1 Mayıs 1981 tarihinde Merkez Bankası TL ile yabancı paralar arasındaki pariteyi, uluslararası piyasalar ve ekonomideki gelişmeler esas alınarak belirlemeye yetkili kılınmıştır. Bu tarihten önce yabancı paralar arasındaki pariteyi belirlemeye, Bakanlar Kurulu yetkili idi.
Günümüzde döviz kurlarının serbest piyasa şartları altında belirlendiği söylenebilir. Merkez Bankası'nın zaman zaman döviz piyasasına yaptığı müdahaleler, her ülkede karşılaşılan ve serbest kur sistemine engel oluşturmayan bir uygulamadır. Döviz kontrolü, bir ülkede döviz üzerine yapılan banka ve borsa arbitrajları ile bunların denetlenmesidir.
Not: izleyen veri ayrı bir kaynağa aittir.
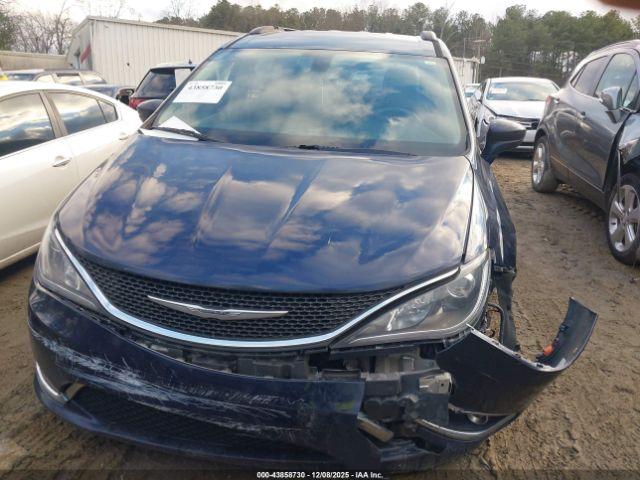 Chrysler Pacifica Touring-l Image 10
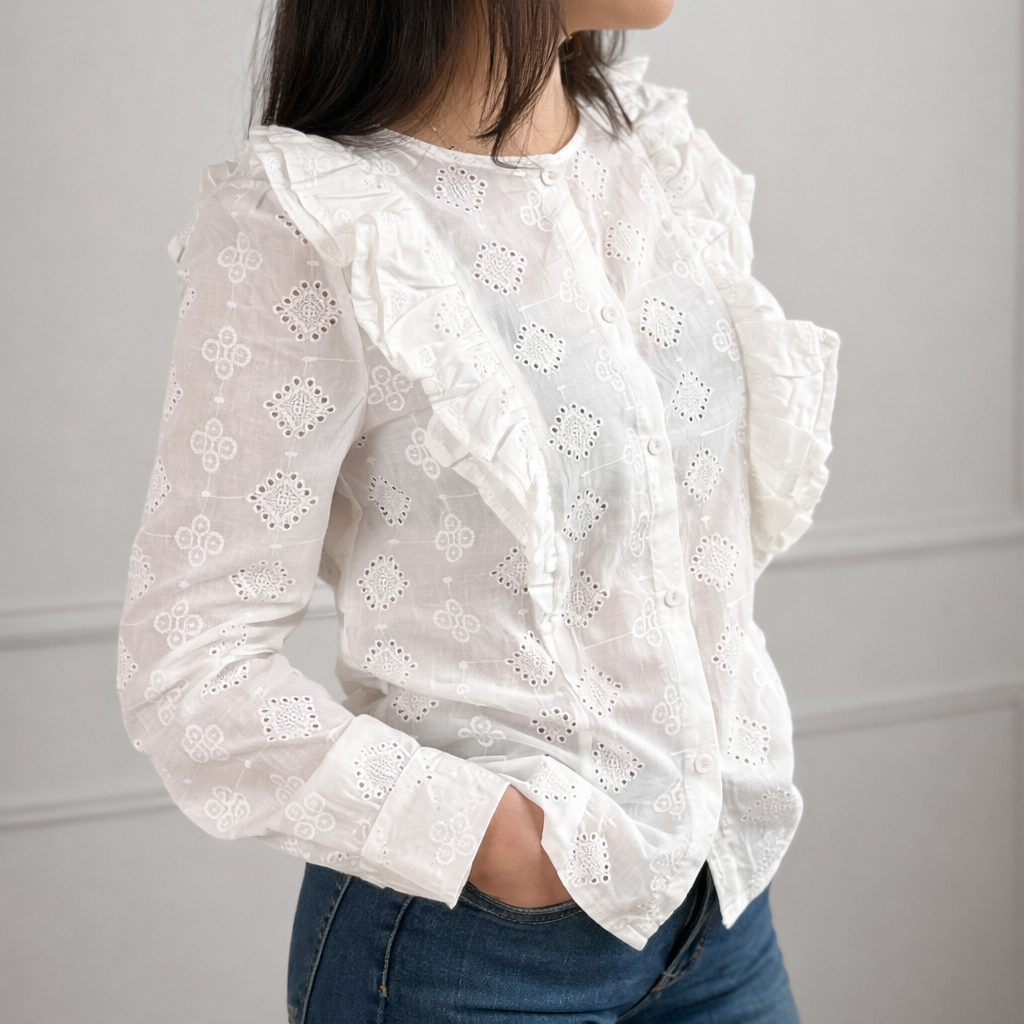CAMISA BLANCA BORDADA VOLANTES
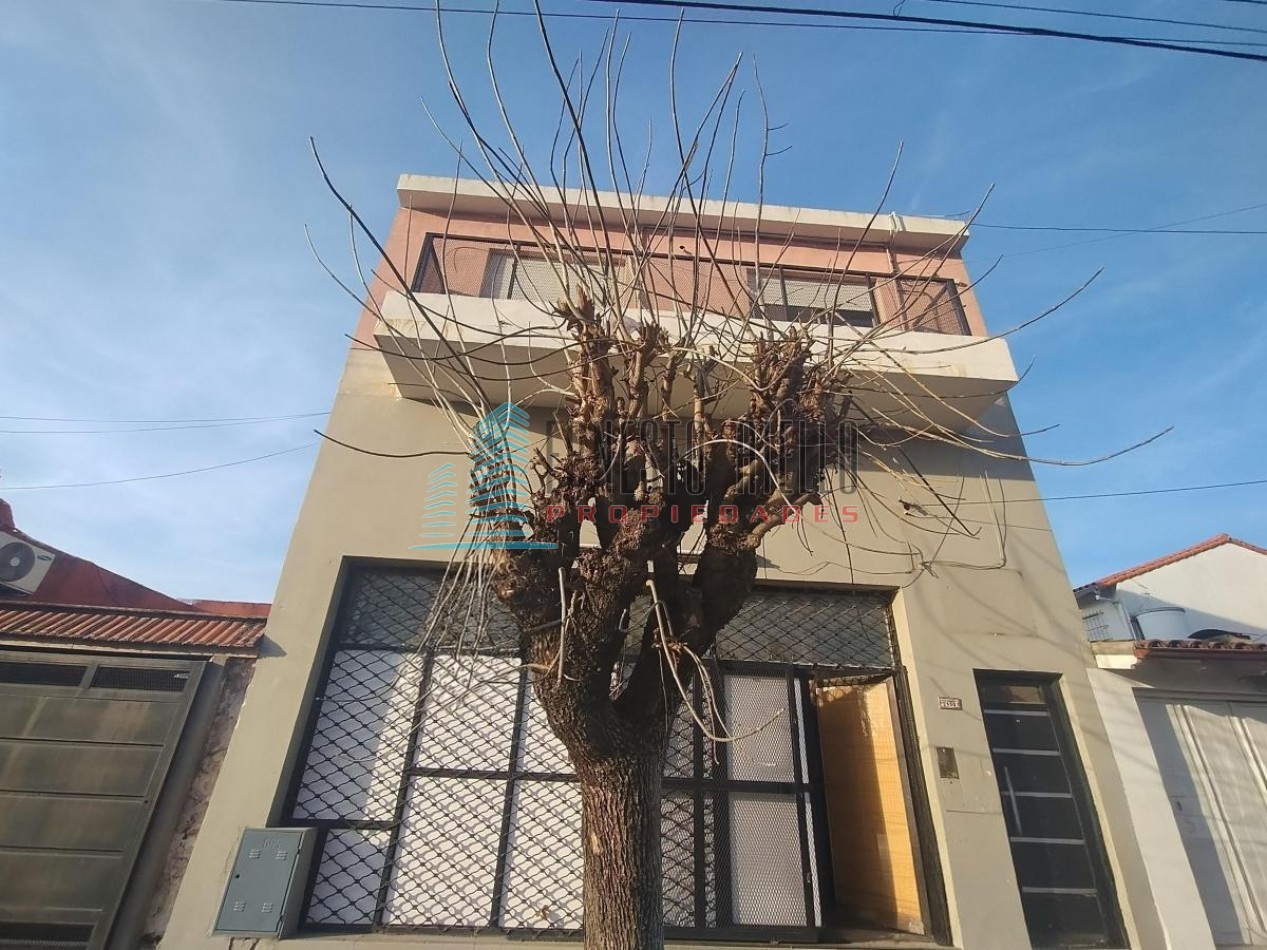 A. VENTA CASA 3 Ambientes con Local - Quilmes Oeste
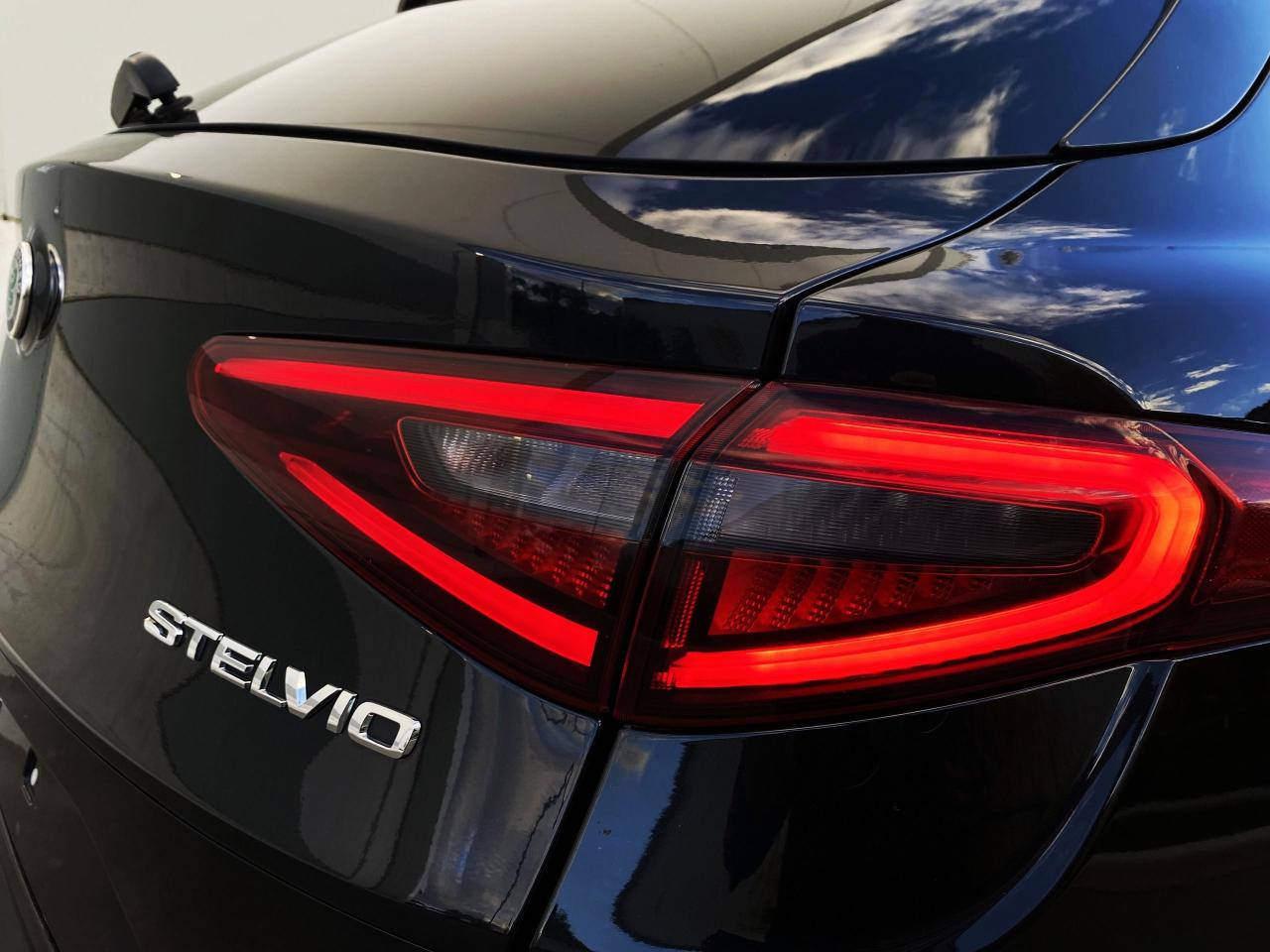 2018 Alfa Romeo Stelvio Ti Q4 AWD-SPORT-NAV-CAMERA-PANO ROOF-1 OWNER - Photo #14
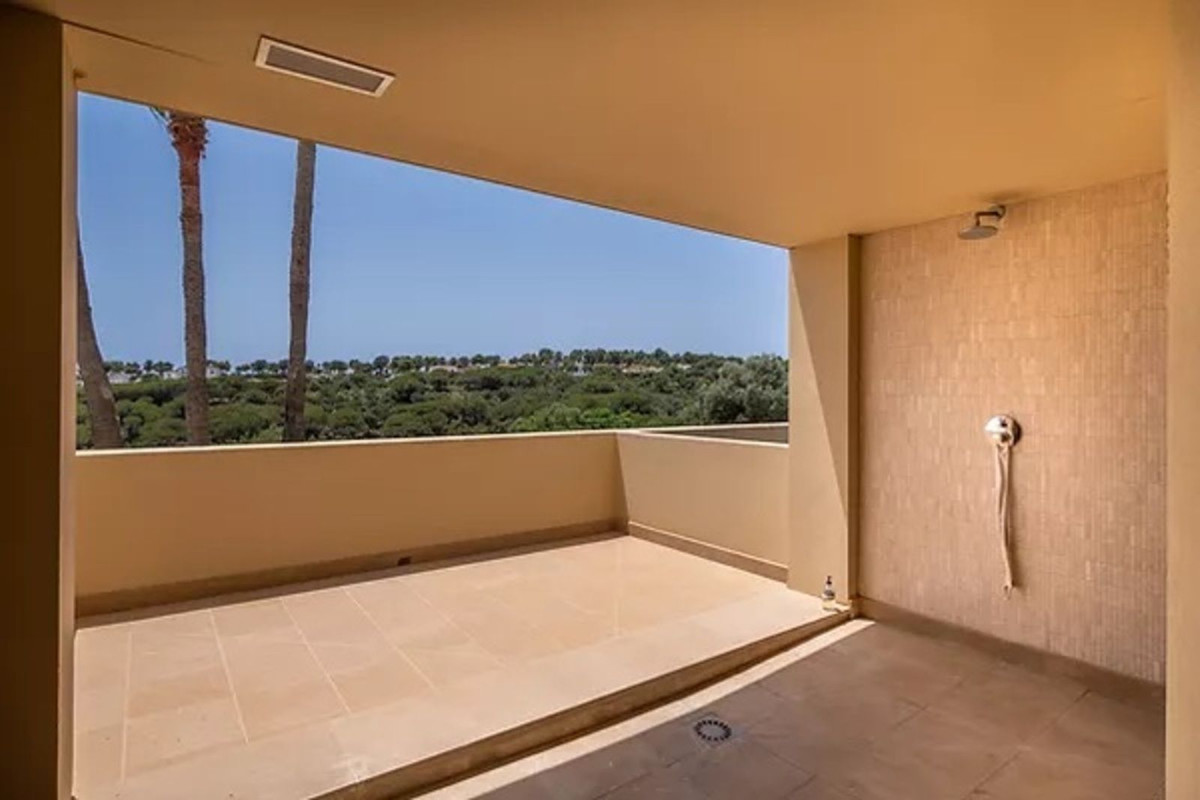 Se vende Villa - Chalet de 5 dormitorios en Costa Del Sol, Cadiz, España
Dar anlamdaki bu tip kontrol, günümüzde sanayileşmesini tamamlamış olan gelişmiş ülkelerde uygulanır. Geniş anlamda döviz kontrolü, iç ekonomi politikaları ile döviz fiyatlarının ayarlanması, döviz alış ve satış primleri, görünmeyen işlemlere getirilen miktar kısıtlamaları, dövize sahip olma hakkının devlete bırakılması ile birlikte blokaj ve ödeme anlaşmalarını da içine alan oldukça kapsamlı bir denetleme şeklidir.
Döviz kontrol sisteminde dövizler, lisansa bağlı olarak tahsis edildiği için, uluslararası ticarette karşılaştırmalı üstünlüklerden tamamen uzaklaşılır.
Döviz kontrolü, bilanço açıklarını giderme, sermaye ihracını kontrol altına alma, ekonomik kalkınmayı gerçekleştirme, ülke sanayiini koruma ve devlete gelir sağlama gibi amaçlarla yapılır. Bir ülkede döviz kontrolü uygulanıyorsa, ülke konvertibiliteden uzaklaşır, ülkede parasal gelirlerde yeniden dağılım olur, yasal olmayan işlemler artar ve uluslar arası ihtisaslaşmadan uzaklaşılır. Türkiye'de 1930 yılında çıkarılan 1567 Sayılı Türk Parasının Kıymetini Koruma Kanunu, Türk döviz kontrol rejiminin esaslarını belirlemiştir.